Combine milk and cream and heat slowly with the vanilla pod. Meanwhile beat the yolks and sugar together. When milk ...
Crème Anglaise

Crème Anglaise

Makes two cups

  • 1 cup milk
  • 1 cup cream
  • 3 yolks
  • 3 tablespoons sugar
  • 2-inch section vanilla pod, split

Combine milk and cream and heat slowly with the vanilla pod. Meanwhile beat the yolks and sugar together. When milk is about to simmer, with bubbles forming on the edge of the pot, add it in a very slow, thin stream to the yolks, beating furiously the whole time with an egg beater or immersion blender. You want the yolks to heat up very slowly as the milk is incorporated. If, at this point, it doesn’t look like scrambled eggs, continue. Put the mixture back in the milk pan (sans vanilla pod) and heat very slowly, stirring often. Swirl the mixture around in the pot and look at the bottom. As soon as a layer of custard starts to build on the bottom of the pan, turn off the heat, pour into a vessel, and allow to cool. It only takes a few seconds, and is easy to overdo at this point. Alternatively, wait until it coats a spoon.

This is the thick stuff, restaurant-grade, and is meant to be poured on top of something similarly decadent. What’s amazing is this sauce would be even thicker if pure heavy cream were used. In any case, if you’re looking for something to drink, try the next recipe.

Luci’s Nog

Makes eight cups

  • 6 cups milk
  • 2 cups cream
  • 3 whole eggs
  • 3/4 cup sugar (I prefer maple syrup, to taste)
  • Pinch of salt
  • Vanilla extract
  • Fresh ground nutmeg

Combine milk and cream and heat slowly with the sugar and salt. Beat the eggs. When milk is about to simmer, with bubbles forming on the edge of the pot, add it in a very slow, thin stream to the eggs, beating furiously the whole time with an egg beater or immersion blender. “Slowly a little at a time so you don’t cook your eggs,” says Luci. If, at this point, it doesn’t look like scrambled eggs, continue. Put the mixture back in the milk pan and heat very slowly, stirring often. Add vanilla and ground nutmeg to taste. When it coats a spoon, or starts to accumulate at the bottom, it’s done.

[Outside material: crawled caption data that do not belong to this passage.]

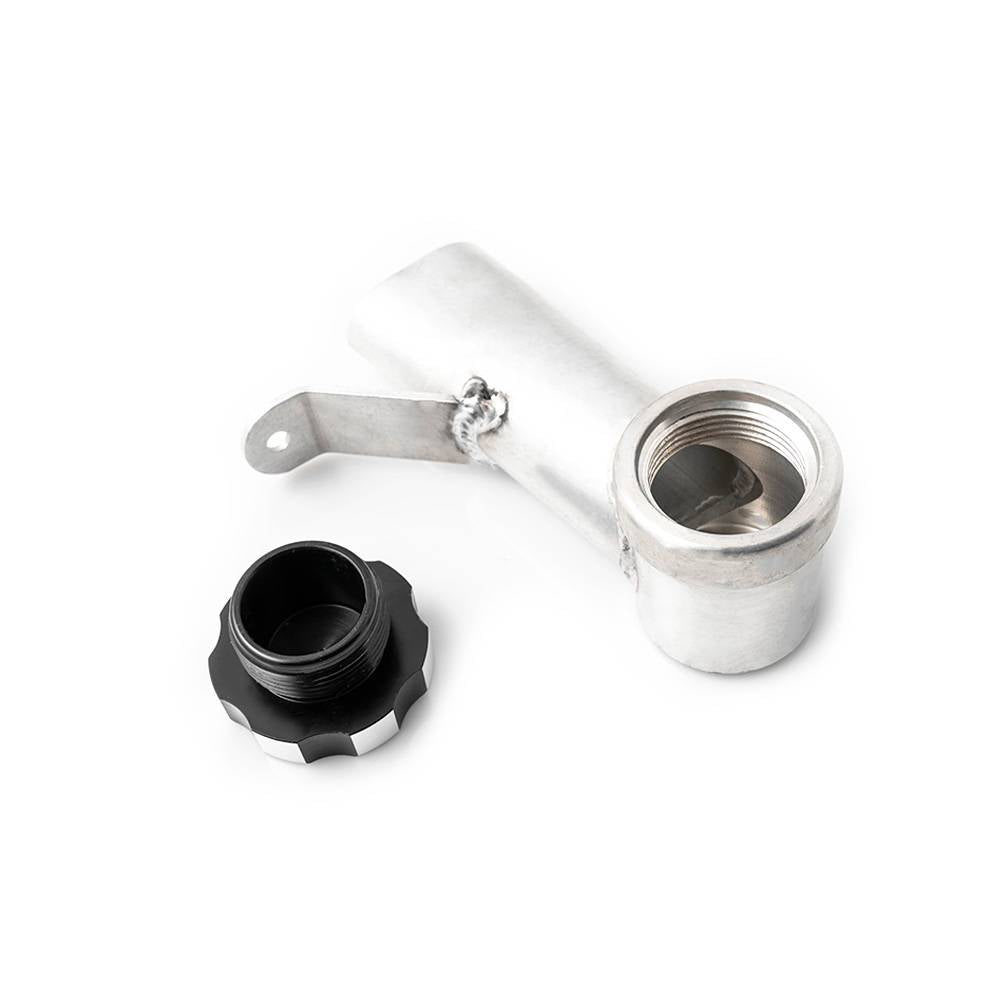 Rudy's Raw Aluminum 2021-2025 Ford Bronco Replacement Washer Fluid Reservoir
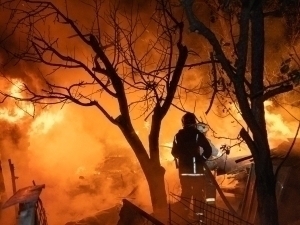 Rossiya Kiyevni bombaladi. Qurbon bor (video)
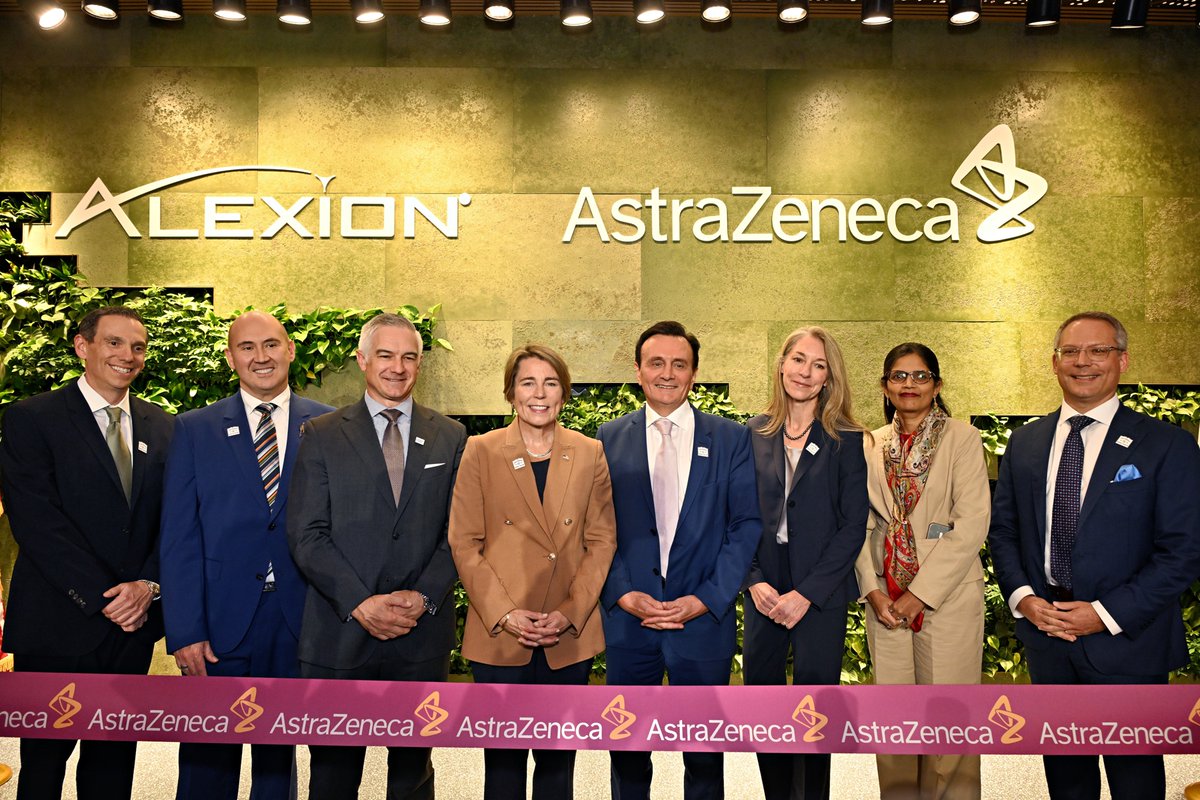 AstraZeneca tweet picture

The thickness of your custard can be adjusted with the amount of egg (or yolk), and by adjusting the cream content. For something thicker, use pure heavy cream. For something lighter, you could combine the milk with almond milk or cashew milk instead of cream. You could even use pure almond or cashew milk, which will result in something thick, smooth and full.